Semelhança não quer dizer igualdade, posto que se assim fosse, a situação concreta já estaria normatizada, mas que seja muito parecida, sendo que as diferenças não sejam tantas a inviabilizar a integração.
No presente caso, verifica-se que a situação concreta posta à consulta se assemelha muito às disposições regulamentares do art. 5º e do art. 6º do Anexo VIII do Decreto nº 4.852/97, que disciplina as operações INTERNAS (e não interestaduais) de remessa de cereal por produtor agropecuário para depósito em armazém geral.
Com efeito, o art. 5º do Anexo VIII do Decreto nº 4.852/97 determina que o armazém geral, a cooperativa, o industrial ou o comerciante atacadista com termo de credenciamento emita uma nota fiscal para acompanhar o trânsito do milho com destino ao seu estabelecimento (destinatário). Entretanto, tal determinação refere-se às operações internas. Nas operações interestaduais, ex vi do disposto nesse art. 5º, e fazendo uso da analogia das operações internas com as interestaduais, o próprio produtor rural fica com a obrigação de emitir a nota fiscal de simples trânsito, que pode ser através da repartição fiscal, para o produtor rural não credenciado à emissão de sua própria nota fiscal, ou pelo próprio produtor, caso esteja credenciado à emissão de nota fiscal própria.
Nessa nota fiscal emitida pelo produtor rural deverá constar a seguinte expressão, conforme art. 5º, § 1º, alínea “a”, item 2, do citado Anexo VIII do RCTE: "TRÂNSITO DE PRODUTO DESTINADO A DEPÓSITO, no caso de remessa diretamente do produtor ou extrator para depósito em armazém geral ou cooperativa".

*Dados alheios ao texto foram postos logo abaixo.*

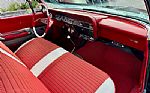 1961 Impala Thumbnail 29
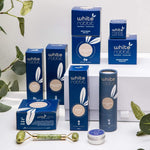 The Decadent Gift Box || Ultimate Luxury Skincare Present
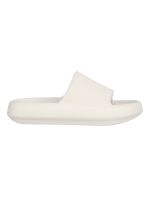 Cruz Παντόφλες Capri W Slipper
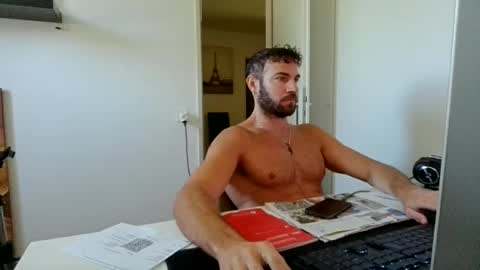 Snapshot of alphah_hunk chatting on 14, 6, 2026 alphah_hunk online show from 14, 6, 2026
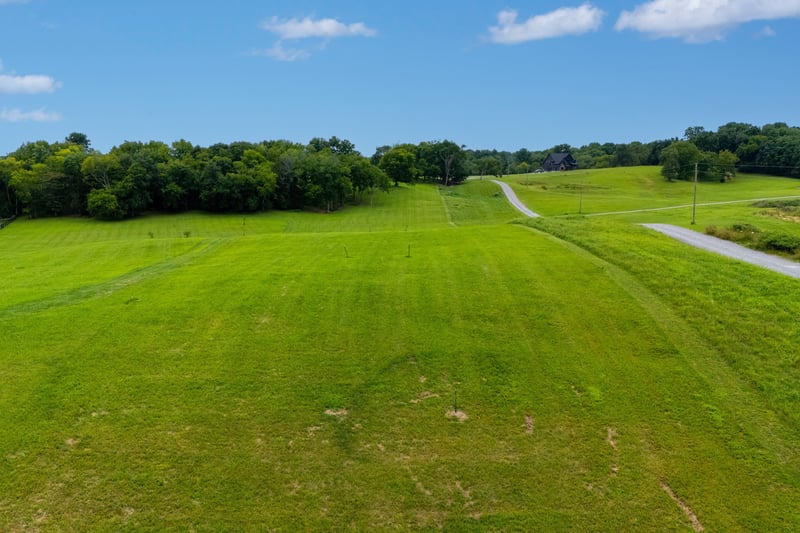 1294 Horn Springs Rd, Lebanon, TN 37087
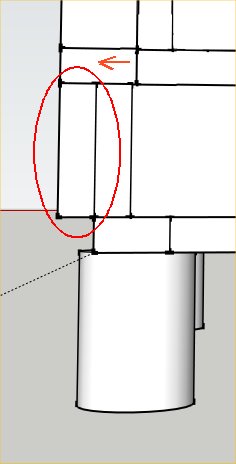 Extrabalk.png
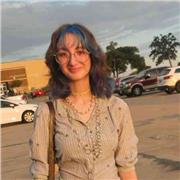 Biology and General Science tutor, 1st-9th grade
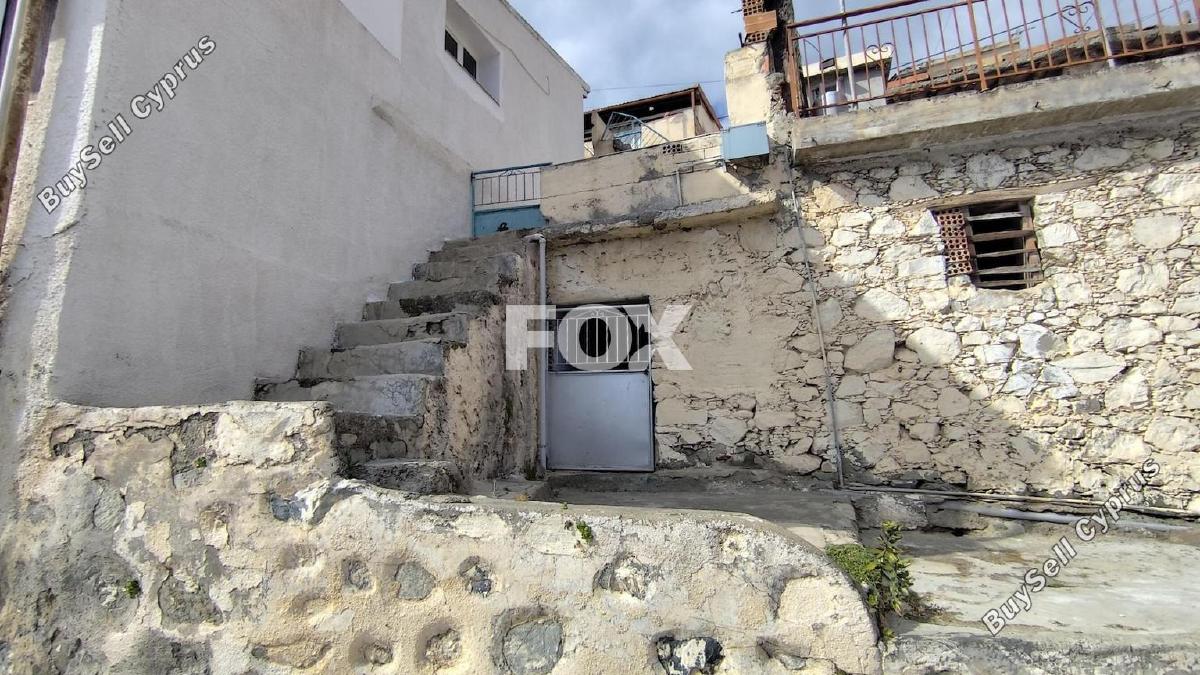2 bedroom detached house for sale dierona limassol 1690692 image 12931571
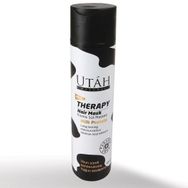Utah Milk Shake 250 ml Saç Maskesi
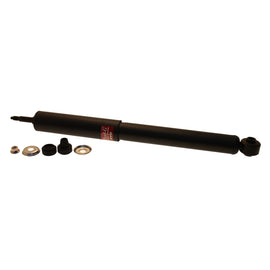 KYB Shocks & Struts Excel-G Front RAM 2500 Pickup Regular Cab 2015-2014 3440019
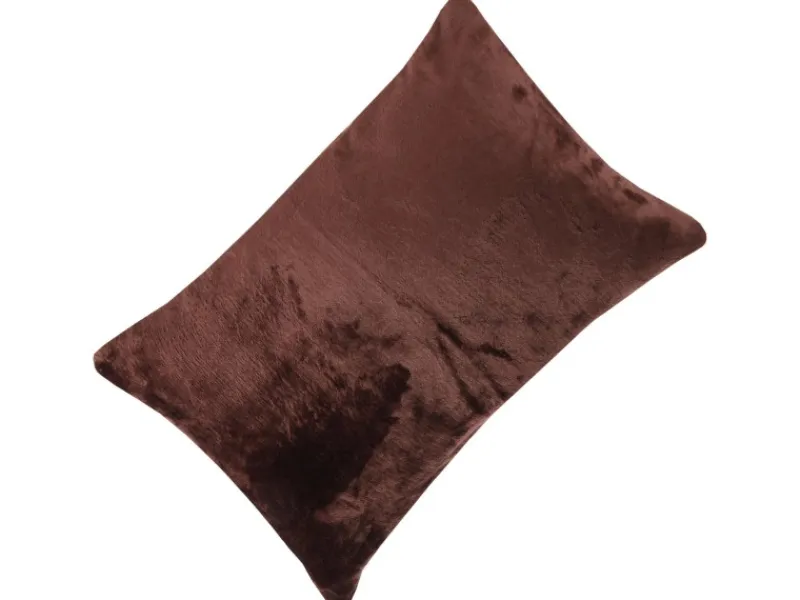 Bestlivings Kissenhülle Kuschel Celina 40 x 60 cm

Alfim, observe-se que tal nota fiscal de trânsito deverá ser registrada com valor da operação igual a zero (§ 3º do art. 5º).
Eis a seguir os dispositivos do art. 5º do Anexo VIII do RCTE, que disciplinam tal operação de trânsito:
Art. 5º Fica autorizado o uso de nota fiscal, modelo 1 ou 1-A, previamente emitida pelo destinatário, como documento hábil para acobertar a operação interna de circulação que envolva produto agropecuário e substância mineral ou fóssil, relacionados no art. 2º, nas seguintes situações:
I - aquisição efetuada pela indústria, diretamente do extrator ou produtor;
II - remessa, diretamente do estabelecimento extrator ou produtor, inclusive de arroz e feijão, para depósito em armazém geral ou cooperativa da qual o remetente faça parte;
III - aquisição de substância mineral em estado natural efetuada diretamente por estabelecimento comercial.
§ 1º Esta faculdade:
I - pode ser estendida à aquisição de produto agropecuário ou fóssil realizada por estabelecimento comercial eleito substituto tributário pela operação anterior mediante Termo de Credenciamento, conforme dispuser ato do Subsecretário da Receita Estadual.
II - não abrange a operação em que o remetente emita nota fiscal própria e adote regime periódico de apuração e pagamento do ICMS.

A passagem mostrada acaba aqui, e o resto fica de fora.